START Input

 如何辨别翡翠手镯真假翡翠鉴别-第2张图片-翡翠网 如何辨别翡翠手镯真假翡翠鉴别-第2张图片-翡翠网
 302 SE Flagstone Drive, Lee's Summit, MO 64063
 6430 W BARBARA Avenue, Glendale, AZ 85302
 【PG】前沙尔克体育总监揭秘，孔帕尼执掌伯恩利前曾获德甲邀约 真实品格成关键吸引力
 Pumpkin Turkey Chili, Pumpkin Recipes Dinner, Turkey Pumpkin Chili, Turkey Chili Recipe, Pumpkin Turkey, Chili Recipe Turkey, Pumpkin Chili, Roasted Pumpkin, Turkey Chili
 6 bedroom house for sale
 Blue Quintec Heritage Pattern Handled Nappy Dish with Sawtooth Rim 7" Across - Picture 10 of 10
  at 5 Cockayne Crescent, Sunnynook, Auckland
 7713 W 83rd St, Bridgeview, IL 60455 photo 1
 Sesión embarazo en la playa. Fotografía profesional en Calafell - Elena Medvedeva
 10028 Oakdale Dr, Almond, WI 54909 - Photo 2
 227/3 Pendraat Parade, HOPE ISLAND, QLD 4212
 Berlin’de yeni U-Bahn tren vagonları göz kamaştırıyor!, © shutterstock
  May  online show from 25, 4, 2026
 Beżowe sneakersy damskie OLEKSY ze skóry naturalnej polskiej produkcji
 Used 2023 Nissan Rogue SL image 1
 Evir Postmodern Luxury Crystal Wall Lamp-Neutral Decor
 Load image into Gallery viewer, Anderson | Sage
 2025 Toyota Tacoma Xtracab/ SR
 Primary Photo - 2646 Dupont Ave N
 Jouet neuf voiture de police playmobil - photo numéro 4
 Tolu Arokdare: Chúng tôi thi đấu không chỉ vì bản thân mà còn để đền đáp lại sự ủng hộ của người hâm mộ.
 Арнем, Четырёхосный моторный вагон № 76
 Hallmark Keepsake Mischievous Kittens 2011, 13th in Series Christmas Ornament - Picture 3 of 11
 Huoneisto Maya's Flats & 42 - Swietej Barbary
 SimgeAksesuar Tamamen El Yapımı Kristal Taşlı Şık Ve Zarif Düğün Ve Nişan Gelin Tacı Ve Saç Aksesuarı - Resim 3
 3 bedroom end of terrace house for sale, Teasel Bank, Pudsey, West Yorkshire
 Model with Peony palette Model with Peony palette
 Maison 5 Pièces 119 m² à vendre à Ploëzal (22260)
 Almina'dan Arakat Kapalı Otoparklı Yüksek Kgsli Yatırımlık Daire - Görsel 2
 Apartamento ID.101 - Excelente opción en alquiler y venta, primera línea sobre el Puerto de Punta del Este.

END Input

#### What the task requires
Could you output all of the records above exactly as given?

#### Task solution
 如何辨别翡翠手镯真假翡翠鉴别-第2张图片-翡翠网 如何辨别翡翠手镯真假翡翠鉴别-第2张图片-翡翠网
 302 SE Flagstone Drive, Lee's Summit, MO 64063
 6430 W BARBARA Avenue, Glendale, AZ 85302
 【PG】前沙尔克体育总监揭秘，孔帕尼执掌伯恩利前曾获德甲邀约 真实品格成关键吸引力
 Pumpkin Turkey Chili, Pumpkin Recipes Dinner, Turkey Pumpkin Chili, Turkey Chili Recipe, Pumpkin Turkey, Chili Recipe Turkey, Pumpkin Chili, Roasted Pumpkin, Turkey Chili
 6 bedroom house for sale
 Blue Quintec Heritage Pattern Handled Nappy Dish with Sawtooth Rim 7" Across - Picture 10 of 10
  at 5 Cockayne Crescent, Sunnynook, Auckland
 7713 W 83rd St, Bridgeview, IL 60455 photo 1
 Sesión embarazo en la playa. Fotografía profesional en Calafell - Elena Medvedeva
 10028 Oakdale Dr, Almond, WI 54909 - Photo 2
 227/3 Pendraat Parade, HOPE ISLAND, QLD 4212
 Berlin’de yeni U-Bahn tren vagonları göz kamaştırıyor!, © shutterstock
  May  online show from 25, 4, 2026
 Beżowe sneakersy damskie OLEKSY ze skóry naturalnej polskiej produkcji
 Used 2023 Nissan Rogue SL image 1
 Evir Postmodern Luxury Crystal Wall Lamp-Neutral Decor
 Load image into Gallery viewer, Anderson | Sage
 2025 Toyota Tacoma Xtracab/ SR
 Primary Photo - 2646 Dupont Ave N
 Jouet neuf voiture de police playmobil - photo numéro 4
 Tolu Arokdare: Chúng tôi thi đấu không chỉ vì bản thân mà còn để đền đáp lại sự ủng hộ của người hâm mộ.
 Арнем, Четырёхосный моторный вагон № 76
 Hallmark Keepsake Mischievous Kittens 2011, 13th in Series Christmas Ornament - Picture 3 of 11
 Huoneisto Maya's Flats & 42 - Swietej Barbary
 SimgeAksesuar Tamamen El Yapımı Kristal Taşlı Şık Ve Zarif Düğün Ve Nişan Gelin Tacı Ve Saç Aksesuarı - Resim 3
 3 bedroom end of terrace house for sale, Teasel Bank, Pudsey, West Yorkshire
 Model with Peony palette Model with Peony palette
 Maison 5 Pièces 119 m² à vendre à Ploëzal (22260)
 Almina'dan Arakat Kapalı Otoparklı Yüksek Kgsli Yatırımlık Daire - Görsel 2
 Apartamento ID.101 - Excelente opción en alquiler y venta, primera línea sobre el Puerto de Punta del Este.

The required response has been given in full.